Frances Ridley Havergal, at eighteen or nineteen, wrote and wrote and wrote. She would send her enigmas and charades to various "pocket-books" (which in those days used to contain such things), get prizes for them, and give money to the Church Missionary Society. Her brain was full of "wild, lovely, intangible ideas flitting across her mind, like the shadows of a flying bird," and she was always trying to fly after them.
In her twentieth year she paid her first visit to her sister Ellen (Mrs. Shaw), who was married, and living in Ireland. An Irish schoolgirl thus describes her: "Mrs. Shaw brought us into the drawing-room. In a few seconds Mliss Frances, carolling like a bird, flashed into the room! Flashed, yes, like a burst of sunshine, like a hill-side breeze, and stood before us, her fair sunny curls falling round her shoulders, her bright eyes dancing and her fresh sweet voice ringing through the room. I shall never forget that afternoon, never! I sat perfectly spell-bound as she sang chant and hymn with marvellous sweetness, and then played two or three pieces of Handel, which thrilled me through and through.
"As we girls walked home down the shady avenue, one and another said: 'Oh, isn't she lovely and doesn't she sing like a born angel!' 'I love her I do; and I'd follow her every step of the way back to England if I could.' 'Oh, she's' a real Colleen Bawn!' Another felt there must be the music of God's own love in that fair singer's heart; and that so there was joy in her face, joy in her words, joy in her ways. And the secret cry went up from that young Irish heart: 'Lord, teach me, even me, to know and love Thee too.'"
But Frances herself felt very keenly that she was only a little child in the spiritual life. "Gleams and glimpses," she writes in 1858, "but, oh, to be filled with joy and the Holy Ghost! oh, why cannot I trust Him fully?" She read and learned the Scriptures systematically with her friend, Elizabeth Clay (the one to whom she so constantly wrote). In their country walks Frances and her sister Maria would repeat whole chapters in alternate verses. She knew by heart the whole of the New Testament, the Psalms, and, Isaiah when about twenty-two, and afterwards learned the minor prophets. Her home life was beautiful, though only one knew the self-restraint and the self-denial of actions, trivial in themselves, but wrought for love to God.
The first definite notice of a literary success outside her own circle dated 1863, when she was about twenty-seven. She had been asked for poetical contributions by the editor of a monthly magazine and received a cheque for £10 17s. 6d. This was much more than she had expected. She at once sent it to her father for Church purposes. Her father's note on receiving it was found among her papers: "My dear little Fan can hardly think how much her poor papa loves her, thinks about her, and prays for her. Yes, he does. Thank you, dear child, for remembering, me; I will keep all your love, but not the cheque. Our God send you His sweetest and choicest blessings.
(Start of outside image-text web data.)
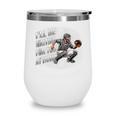 Baseball Catcher Waiting For You At Home Player Quote Wine Tumbler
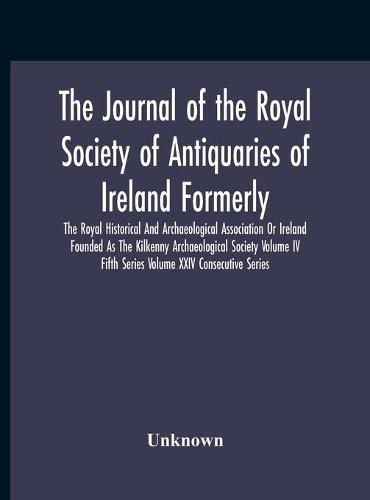 Cover image for The Journal Of The Royal Society Of Antiquaries Of Ireland Formerly The Royal Historical And Archaeological Association Or Ireland Founded As The Kilkenny Archaeological Society Volume Iv Fifth Series Volume Xxiv Consecutive Series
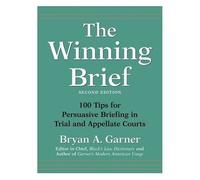 The Winning Brief : 100 Tips For Persuasive Briefing In Trial And Appellate Courts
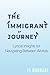 The Immigrant Journey: Lyrical Insights for Navigating Between Worlds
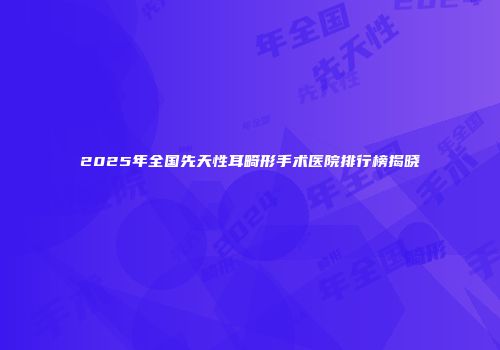 2025年全国先天性耳畸形手术医院排行榜揭晓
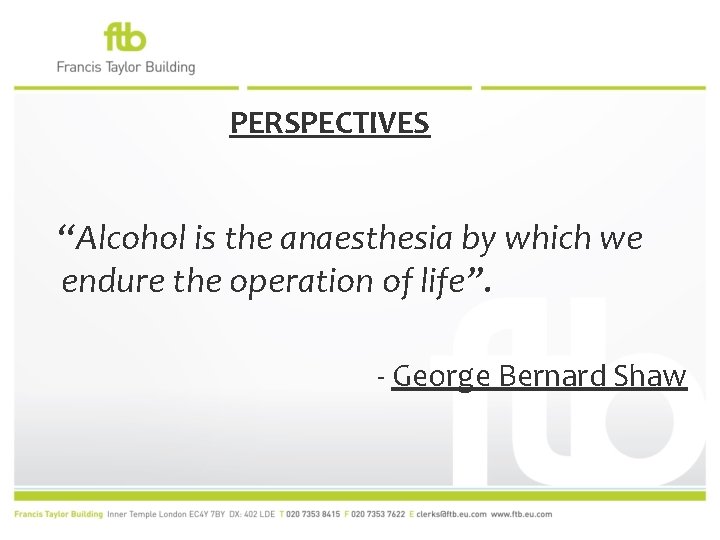 PERSPECTIVES “Alcohol is the anaesthesia by which we endure the operation of life”. -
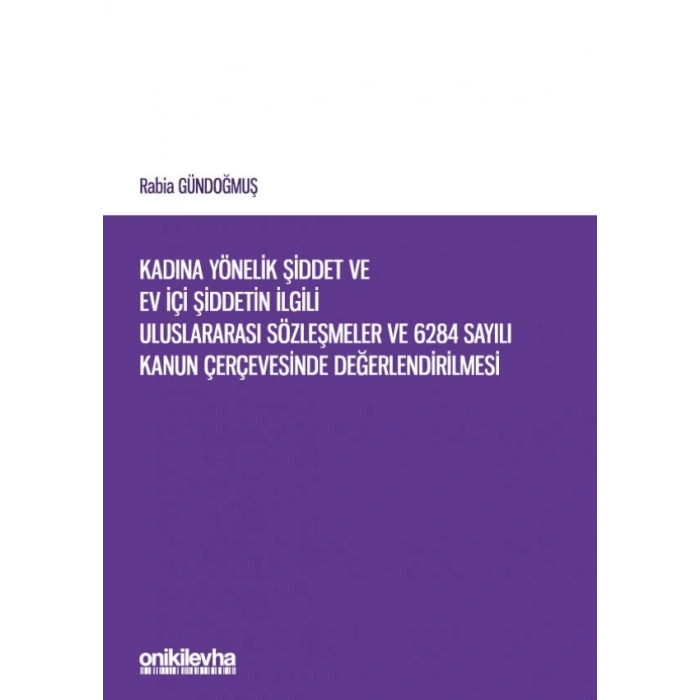 Kadına Yönelik Şiddet ve Ev İçi Şiddetin İlgili Uluslararası Sözleşmeler ve 6284 Sayılı Kanun Çerçevesinde Değerlendirilmesi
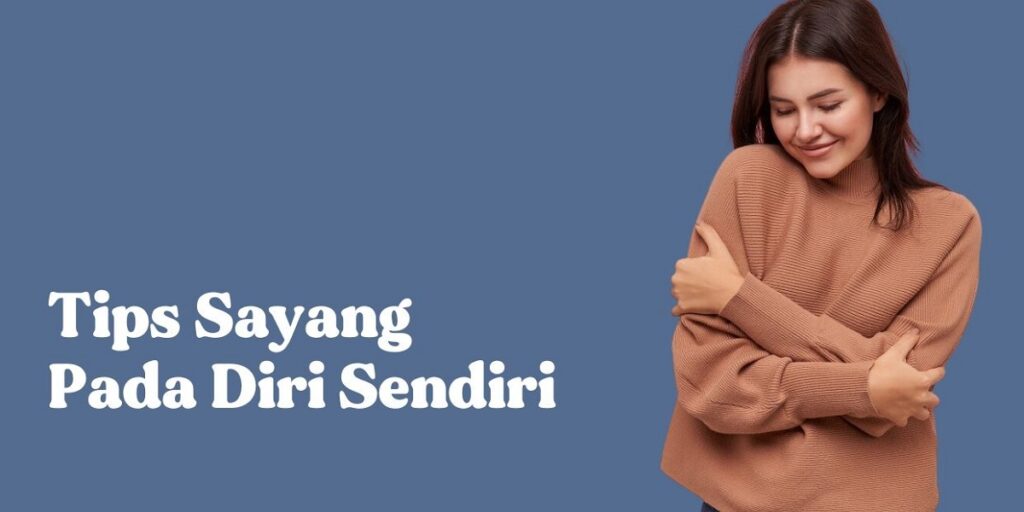 Cara Menyayangi Diri Sendiri Dan Alasan Pentingnya Self Love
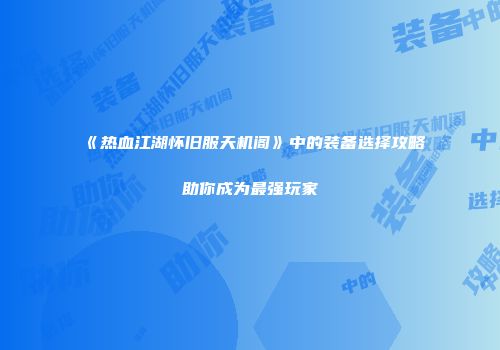 《热血江湖怀旧服天机阁》中的装备选择攻略助你成为最强玩家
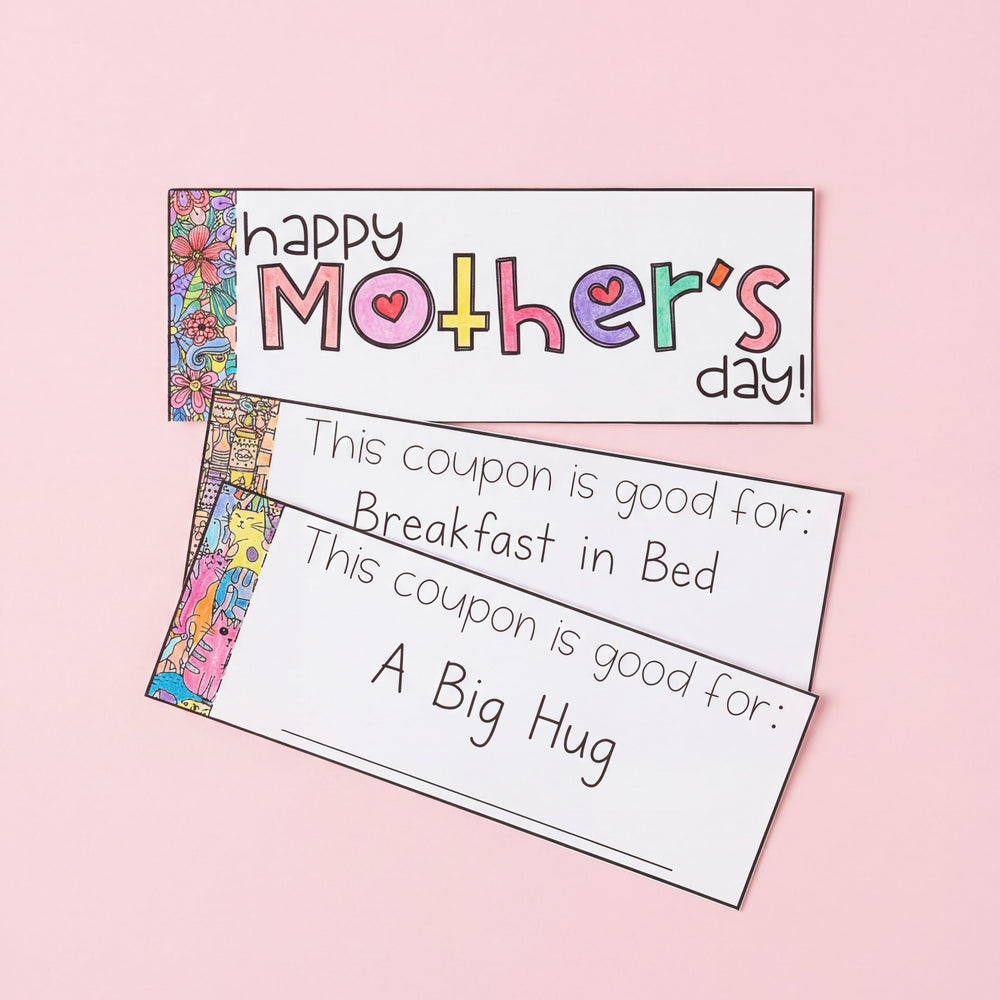 A printable Mother’s Day coupon booklet with a "Happy Mother’s Day!" cover, placed on a colourful crafting background with pom-poms, sequins, and wooden craft sticks. The coupons read "This coupon is good for:" and allow children to fill in a special gift or act of kindness for their mother.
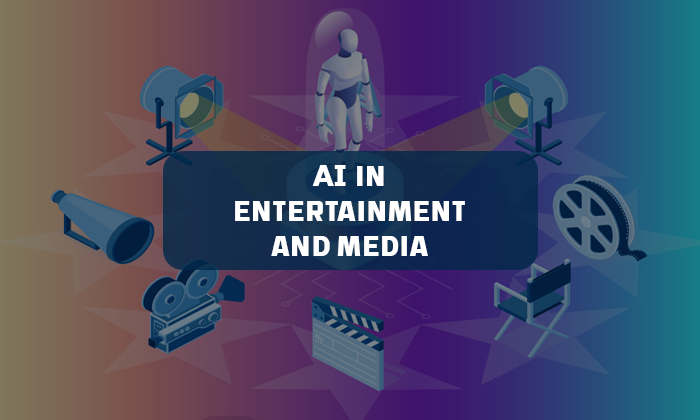 Ai in Entertainment and Media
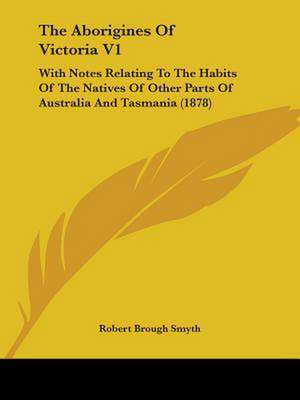 The Aborigines Of Victoria V1 de Robert Brough Smyth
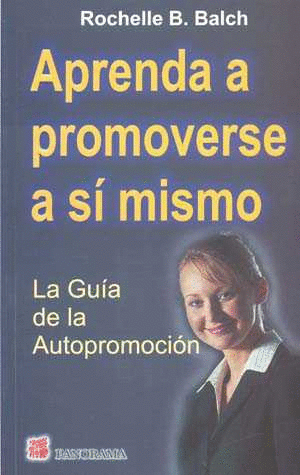 APRENDA A PROMOVERSE A SI MISMO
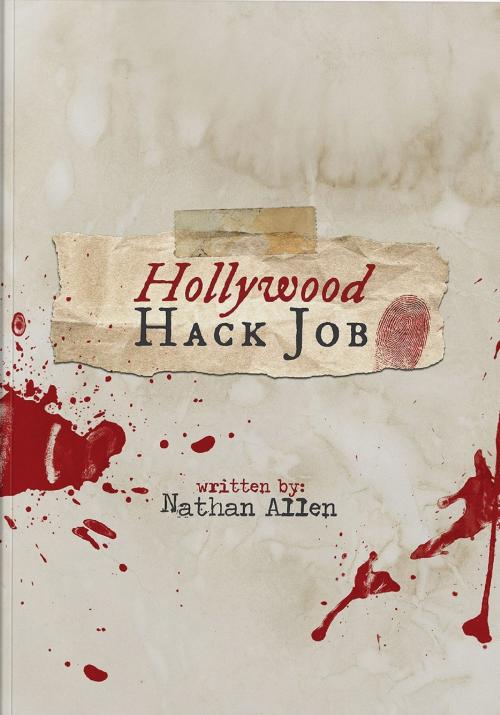 Cover of the book Hollywood Hack Job by Nathan Allen, Nathan Allen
Her father died suddenly in 1870, to the intense grief of his family. This loss, however, as all other losses, only made the Divine promises more real to Frances. "Thou art the Helper of the fatherless," flashed brightly upon his daughter soon afterwards when puzzling over a tune her father would have decided at once. "I think," she adds, " that even in music the Lord is my helper now." She now added hymn tunes to her other work.
She had grown much in simple trustfulness. "Writing is praying with me. You know a child would look up at every sentence and say, 'And what shall I say next?' That is just what I do; I ask Him that at every line He would give me not merely thoughts and power, but also every word, even the very rhymes."
Three years or so after this we, however, find her declaring that she had recently received a blessing that had "lifted her whole life into sunshine, of which all she had previously experienced was but as pale and passing April gleams compared with the fulness of summer glory."
This blessing came to her through a tiny book called "All for Jesus." It set forth a fulness of blessing to which she felt she had not attained. She was gratefully conscious of having for many years loved the Lord, and delighted in His service; but "I want," she wrote, "to come nearer stil', to have full realisation of John xiv.21." A few word on the power of Jesus to keep those who abide in Him made her joyously exclaim" I see it all; I HAVE the blessing!" "I saw it," she says, "as a flash of electric light, and what you see you can never unsee. There must be full surrender before there can be full blessedness. He Himself showed me all this most clearly."
One of the intensest moments of my life was when I saw the force of that word 'cleanseth.' The utterly unexpected and altogether unimagined sense of its fulfilment to me, on simply believing in its fulness, was just indescribable. I expected nothing like it short of heaven. Thus accepting, in simple unquestioning faith, God's commands and promises, one seems to be at once brought into intensified views of everything. Never before did sin seem so hateful, watchfulness so necessary, and with a keenness and uninterruptedness, too, beyond what one ever thought of, only somehow different; not a distressed but a happy sort. Then, too, the "all for, Jesus" comes in; one sees there is no half-way, it must be absolutely all yielded up, because the least unyielded or doubtful point is sin, let alone the great fact of owing all to Him."
Every visit seemed now to open doors for her loving words, and she longed for whole households to taste with her the goodness of the Lord.
About this time she wrote her Consecration Hymn, perhaps the most widely known of all her writings. This is how it came into being. "I went," she writes, "for a little visit of five days. There were ten persons in the house, some unconverted and long prayed for, some converted, but not rejoicing Christians. He gave me the prayer, 'Lord, give me all in this house!' And He just did! Before I left every one had got a blessing."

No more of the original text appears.